Was aber mehr als alles andere die Bevölkerung im Sommer vergangenen Jahres geistig beschäftigte, waren die Gewalt und Instabilität in diesem Lande zwischen den beiden Wahlen.
Die Türkei erlebte 1394 den blutigsten Terroranschlag in ihrer Geschichte. Mehr als 102 Menschen kamen bei einer Bombenlegung in Ankara ums Leben. Im Gefolge von zwei weiteren Anschlägen der IS-Terroristen in der Türkei stieg die Zahl der Opfer auf 143.
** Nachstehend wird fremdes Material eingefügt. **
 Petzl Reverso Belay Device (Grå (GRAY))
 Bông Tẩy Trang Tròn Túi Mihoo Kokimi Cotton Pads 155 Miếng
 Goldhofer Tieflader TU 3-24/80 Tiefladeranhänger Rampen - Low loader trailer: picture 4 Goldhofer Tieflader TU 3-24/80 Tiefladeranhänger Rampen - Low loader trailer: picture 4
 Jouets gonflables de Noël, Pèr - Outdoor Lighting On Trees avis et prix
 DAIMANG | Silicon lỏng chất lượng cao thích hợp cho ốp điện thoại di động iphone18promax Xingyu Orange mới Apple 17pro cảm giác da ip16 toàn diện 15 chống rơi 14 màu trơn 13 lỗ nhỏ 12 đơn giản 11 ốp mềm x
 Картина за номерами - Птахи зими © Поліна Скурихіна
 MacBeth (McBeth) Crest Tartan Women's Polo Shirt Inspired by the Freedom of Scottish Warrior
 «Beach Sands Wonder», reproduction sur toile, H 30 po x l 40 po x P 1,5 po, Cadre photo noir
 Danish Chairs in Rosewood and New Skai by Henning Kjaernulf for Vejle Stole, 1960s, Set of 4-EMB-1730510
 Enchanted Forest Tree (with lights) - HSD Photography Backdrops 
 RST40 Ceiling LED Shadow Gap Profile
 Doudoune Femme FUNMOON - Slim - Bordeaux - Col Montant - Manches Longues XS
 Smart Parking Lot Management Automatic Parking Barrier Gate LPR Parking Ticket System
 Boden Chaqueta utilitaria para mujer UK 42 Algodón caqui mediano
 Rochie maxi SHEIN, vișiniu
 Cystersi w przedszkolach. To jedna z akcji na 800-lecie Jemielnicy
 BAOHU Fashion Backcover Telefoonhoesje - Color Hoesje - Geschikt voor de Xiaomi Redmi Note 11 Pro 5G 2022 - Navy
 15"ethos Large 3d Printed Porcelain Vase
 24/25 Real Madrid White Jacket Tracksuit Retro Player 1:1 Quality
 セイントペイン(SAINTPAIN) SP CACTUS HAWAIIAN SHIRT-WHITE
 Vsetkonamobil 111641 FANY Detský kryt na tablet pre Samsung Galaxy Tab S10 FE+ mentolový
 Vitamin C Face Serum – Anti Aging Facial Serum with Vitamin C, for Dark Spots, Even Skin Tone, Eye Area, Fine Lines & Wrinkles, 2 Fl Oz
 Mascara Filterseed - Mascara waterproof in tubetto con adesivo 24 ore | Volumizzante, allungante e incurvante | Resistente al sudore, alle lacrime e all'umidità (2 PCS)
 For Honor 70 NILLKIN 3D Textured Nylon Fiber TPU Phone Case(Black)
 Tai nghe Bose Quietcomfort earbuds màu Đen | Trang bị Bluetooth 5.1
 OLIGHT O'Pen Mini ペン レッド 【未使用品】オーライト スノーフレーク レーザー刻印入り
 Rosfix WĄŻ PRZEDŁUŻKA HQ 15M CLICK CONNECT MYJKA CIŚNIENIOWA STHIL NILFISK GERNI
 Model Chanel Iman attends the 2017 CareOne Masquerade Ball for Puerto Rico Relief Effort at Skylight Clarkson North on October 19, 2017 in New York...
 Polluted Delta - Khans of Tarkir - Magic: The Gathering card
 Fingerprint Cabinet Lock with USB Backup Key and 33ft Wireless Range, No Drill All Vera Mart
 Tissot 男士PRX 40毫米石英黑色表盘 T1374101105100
Zugleich brach der ohnehin instabile Prozess der Friedensverhandlungen zwischen der Regierung und den kurdischen Separatisten im Sommer des vergangenen Jahres zusammen und hatte die heftigsten Gewaltausbrüche im Südosten des Landes seit den 9oiger Jahren zur Folge. Fast hundert Zivilisten und 200 Paramilitärs und mehr als 170 Sicherheitskräften verloren bei diesen Unruhen ihr Leben.
Besonders beunruhigend war, dass zum ersten Mal nach 3 Jahrzehnten die Paramilitärs der PKK die Unruhen aus den Bergen in die Stadtzentren und Wohngebiete verlagerten. Es kam zur Verhängung der Ausgangssperre, Straßenkämpfen und Zivilverlusten. Nach dem Wahlsieg der Partei für Gerechtigkeit und Aufschwung wurden die Kämpfe im Südosten der Türkei in den Kurdengebieten fortgesetzt.
Es hat den Anschein dass dieser unerwartete Wahlsieg die Regierung ermutigte und sie auf den Gedanken brachte, dass sie vor jeder Rückkehr an den Verhandlungstisch erst die PKK schwächen muss und zugleich die Angriffe auf die IS-Terroristen aufbauschen sollte.
Die türkischen Regierungsverantwortlichen haben sich nach Monaten schließlich entschieden gegen die IS-Terroristen etwas zu unternehmen, wenn auch nicht viel.
Die Partei für Gerechtigkeit und Aufschwung scheint nach zweieinhalb Jahren, in denen sie verschiedenen Krisen begegnet ist – von großen Anti-Regierungskundgebungen bis zu den Korruptionsfällen, das Land besser als vorher in der Kontrolle zu haben.
Zudem rüstet sich Erdogan für einen neuen politischen Kampf für die Umsetzung seiner Vorschläge, für die eventuell ein Referendum stattfinden wird, aus.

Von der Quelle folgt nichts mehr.